The Illinois Gaming Board unanimously approved Phase 2 Emergency Sports Wagering Rules at its meeting Thursday, continuing its recent accelerated pace in bringing sports betting to the Land of Lincoln.
The approval comes exactly one week after the IGB released the Phase 2 rules to the public, a move which allowed prospective licensees to submit applications. The board had previously released Phase 1 rules in December, which was six months after Illinois Governor J.B. Pritzker signed a massive gaming expansion bill into law.
As of Friday 4 p.m. CST, the Illinois Gaming Board website listed three applicants for a Master Sports Betting License — Midwest Gaming and Entertainment LLC, which runs Rivers Casino in Des Plaines, the Argosy Casino in Alton, and Elgin Riverboat Resort, which runs Grand Victoria Casino. All three were granted a temporary operating permit Friday but have yet to be approved for wagering.
Rivers Casino unveiled BetRivers SportsBar in anticipation of legal sports betting in mid-December, while Penn National can leverage its recent $163 mm purchase of 36% of Barstool Sports at the Argosy Casino. Grand Victoria Casino is owned by Eldorado Properties, which has a partnership with William Hill betting.
The Next Step and Applications Filed
The approval of the Phase II rules moved them from emergency provision to “permanent rules to go through the normal rule-making progress through JCAR (Joint Committee on Administrative Rules),” explained IGB administrator Marcus Fruchter. That committee will take up the Phase II rules in the state capital of Springfield on Feb. 18, having already been slotted in the agenda.
The accelerated pace offers the possibility sports wagering could be in place by the start of the NCAA Tournament in mid-March, which is one of the most popular sporting events to place bets. Bettors, however, cannot wager on in-state college teams, with Illinois currently the most likely of the 13 Division I schools to qualify for the 68-team field.
“We’ve designed these rules in such a way that we can be nimble and as reactive or as quick as our industry partners are ready to commence sports betting,” Fruchter said. “So when they’re ready, we’re ready for them to start.”
There could be as many as 23 Master Sports Betting licenses available as part of the gaming expansion bill which includes the 10 existing casinos in Illinois, the six new casino licenses authorized in the sports gaming bill, three licenses for racinos at horse tracks and as many as seven sporting venues. Additionally, there are three licenses available for non-tethered online/mobile operators.

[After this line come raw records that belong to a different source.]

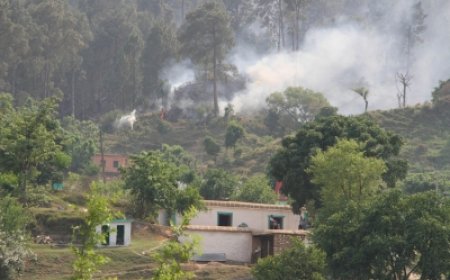 पाकिस्तान ने लगातार 12वें दिन किया संघर्ष विराम का उल्लंघन, भारतीय सेना ने दिया जवाब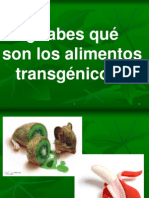 Transgenicos 091128053639 Phpapp02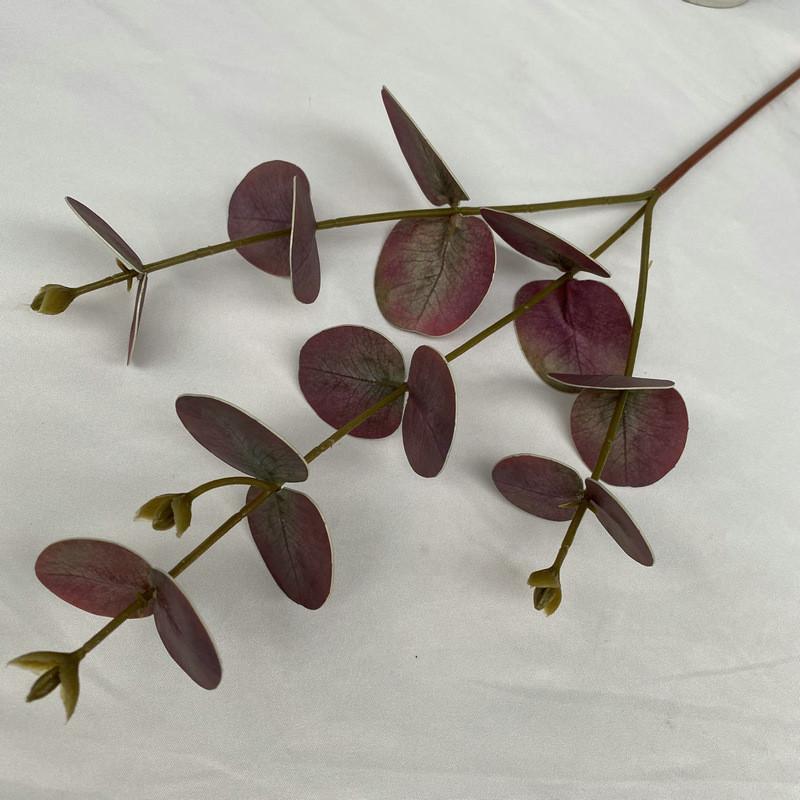 Peníze Eukalyptové Listy Stonky Pro Vnitřní Venkovní Svatba Dárek Dekorace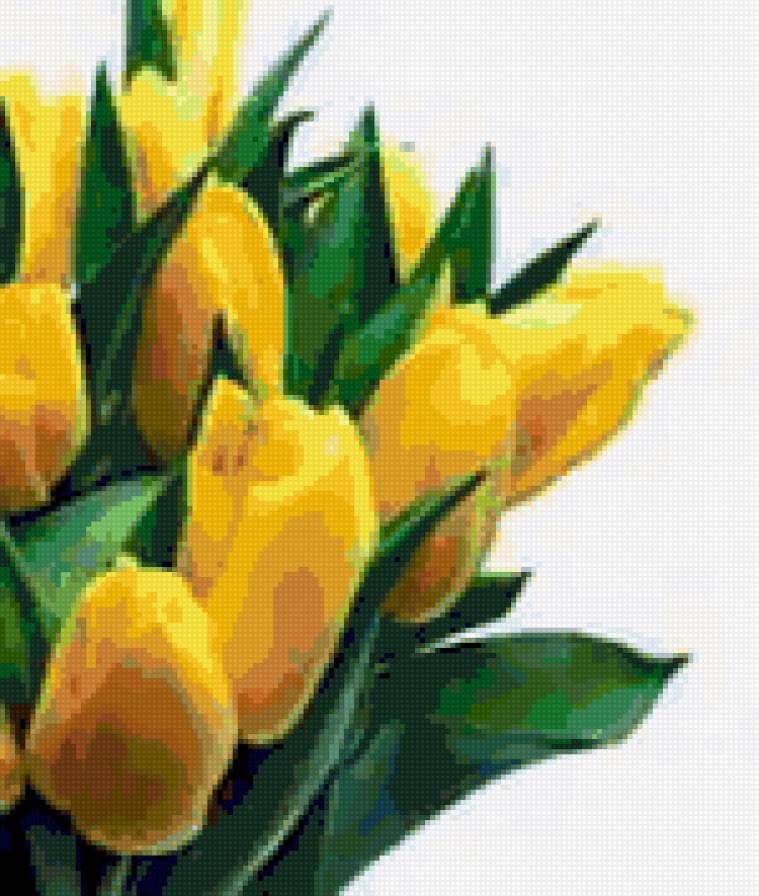 Желтые тюльпаны 1 - предпросмотр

The standard sports betting license is $10 mm, while the non-tethered online/mobile operators must pay $20 mm. The three online/mobile licensees also would not be able to accept bets until 18 months after the first casino license is issued.
“So the sports betting licenses you have to look at applicants in a number of different ways,” Fruchter said. “There are some applicants who are already operators and already licensed in Illinois, we already know them. So they were able to use the short form. The short form allows for temporary operating permits and that vetting looks at basically, ‘Who are you?’
“If we already know you, there’s one set of factors that we look at and there’s a different set of factors if we don’t know who you are. If we know you, then the application calls for, ‘Tell us what you’re going to do and how you’re going to do it,’ and we have a way to evaluate that, we have a way to evaluate how that’s different from what our rules require and what’s their plan for remediation to get their operations in sync with our rules.”
What is “commercially reasonable” for data providers?
While there are three applicants for a Master Sports Wagering license, the IGB website does not currently list any applicants for Supplier, Management Services Provider, and Tier 2 Official League Data Provider. The last category is mandated by law, and the term “commercially reasonable” has become a hot topic in sports wagering because leagues and data providers have pivoted from negotiating with state governments and towards operators as a means of getting a piece of the action.
According to the Phase 2 rules, an operator can petition the board “for a determination that the terms under which official league data is being provided are not commercially reasonable.” Should the petitioner and respondent satisfy all terms, the IGB would then appoint an Administrative Law judge to conduct a hearing, and the “burden of proof is on the petitioner to show by a preponderance of the evidence that terms of the contract or offer are not commercially reasonable.”